When I was 19 my roommate and I had an idea that we should start a prayer group on campus. We needed a faculty sponsor and I was tasked with meeting a Benedictine monk to ask him. I ran into him on our campus green. He asked me what I thought the group was for, paused, and waited for my reply. As I spoke I knew intimately that he was really listening. He conveyed to me with his attention that every word I said mattered. The quality of presence he had with people is something I strive for, and am not very good at.
Sebastian would write every day, and turn his notes into handouts which he’d give to anyone who was interested. “I’m not sure what you’ll think of these” he’d say. If you heard him preach on a Sunday, he’d have copies of his homily available for everyone present. Or rather, a copy of what he’d written that morning. He was charming, and brilliant, spoke with stops and starts, and he was rarely straight to the point. You had to listen intently to both follow along, and keep up. I think that was part of the point. After I graduated I’d go back and visit him from time to time. I’d invariably leave with a packet of papers. They were what he’d written since our last conversation. Handouts that turned into galleys, that became two books. Sebastian died a year ago today (2.28.14). He was 97.
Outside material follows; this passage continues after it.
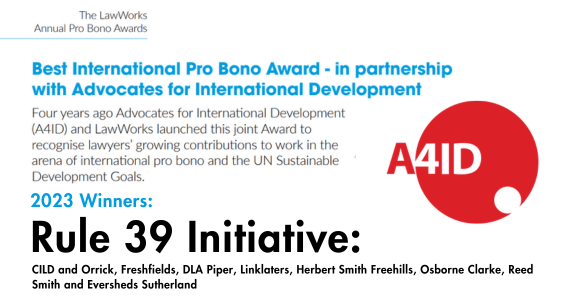 A4ID alongside @Law_Works are delighted to announce that Rule 39 was awarded The Best International Pro Bono Award last night, at the Law Works 2023 annual award ceremony.
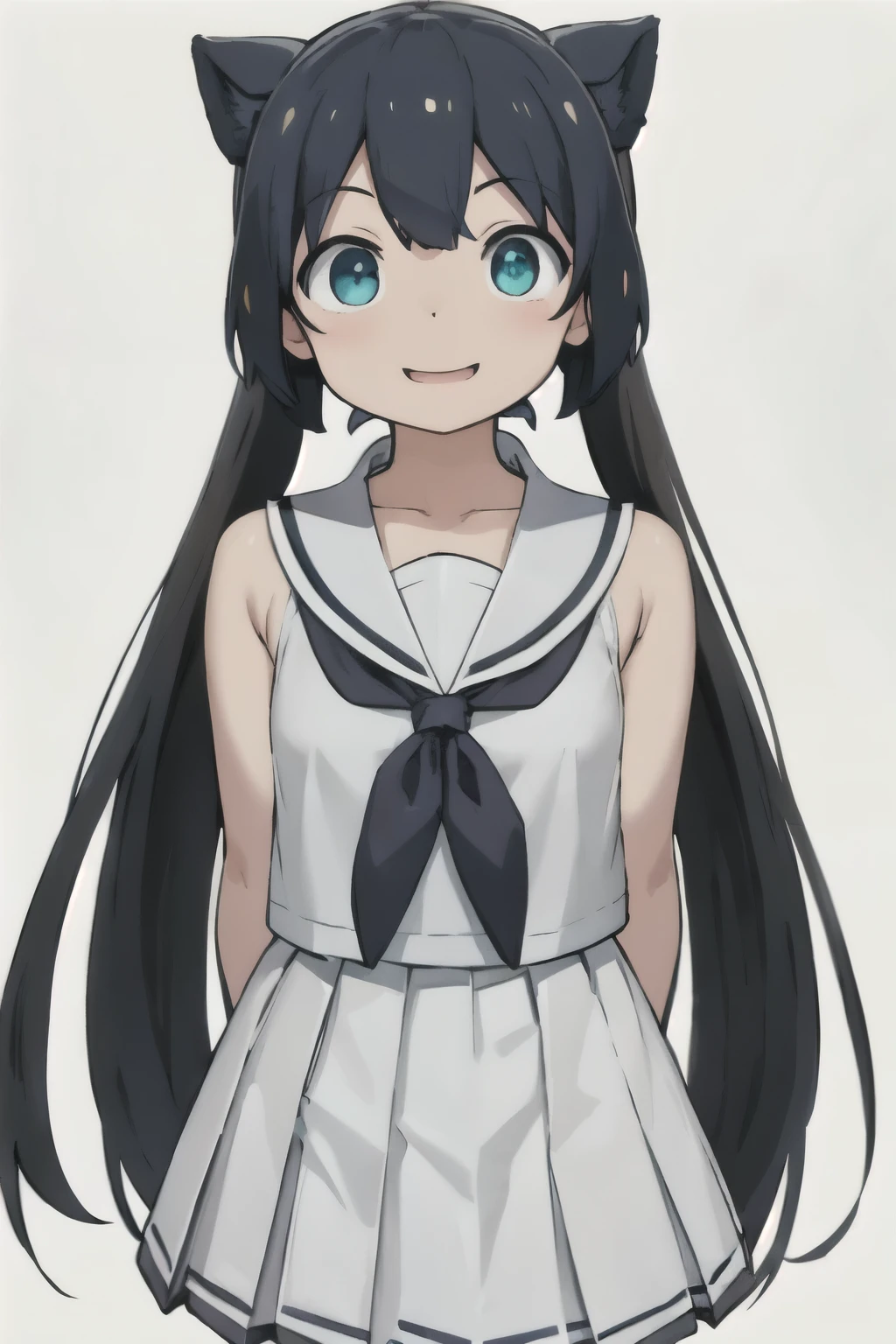 white background、Solid white background、blank background、show both arms、arms behind back、 hide your hands、Upper body photographed from the front,(high quality, Breathtaking),(delicate eyes, perfect face)solo,Era: late 20s, Heterochromia - left eye is yellow、The right eye is light blue.、open your mouth without showing your teeth、Smile with mouth wide open、open your mouth wide、straight hair、black hair, white sailor suit,white pleated skirt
Here are a few words of his for anyone going to church in the morning. The words in the brackets are mine.
“Who is the self I bring to the celebration that is speaking of me as a sinner asking for pardon and grace?…I find that…[it is the] self bullied at school, put down and resentful….the resultant of routine life at my job and with people, and is probably not the self awakened by a love-affair or life with a great friend. It is probably not the self that waits on grace, which is the one the liturgy is really talking about….[And so] I…participate routinely, because this is the Mass and Scripture is now ‘important’…. So of course Mass is a bore. I never or seldom come alive at it.
Now I can change this situation by ‘focusing’ it….I attend to myself…[Think of] a problem you’re having with someone, really upset at what he or she said or did and what I didn’t say or do. You poor tired old reactive me! The point of focusing is that this ‘me’ thus attended to, listened to…is where desire resides and wants to grow into loving….Mass is the time when I am to let my real, life-desiring and vulnerable self come into contact with the ultimate expression of our nakedness: my body for you.
Could this address the infinite boredom that the Mass means to young people today, to those who still go, probably with family? Bring to the mass the row you’re having with that asshole of a teacher….and remember Gethsemane and the wonderful party that Jesus got out of it, with the bread and wine.” ~ Sebastian Moore, OSB. From The Contagion of Jesus, p.118.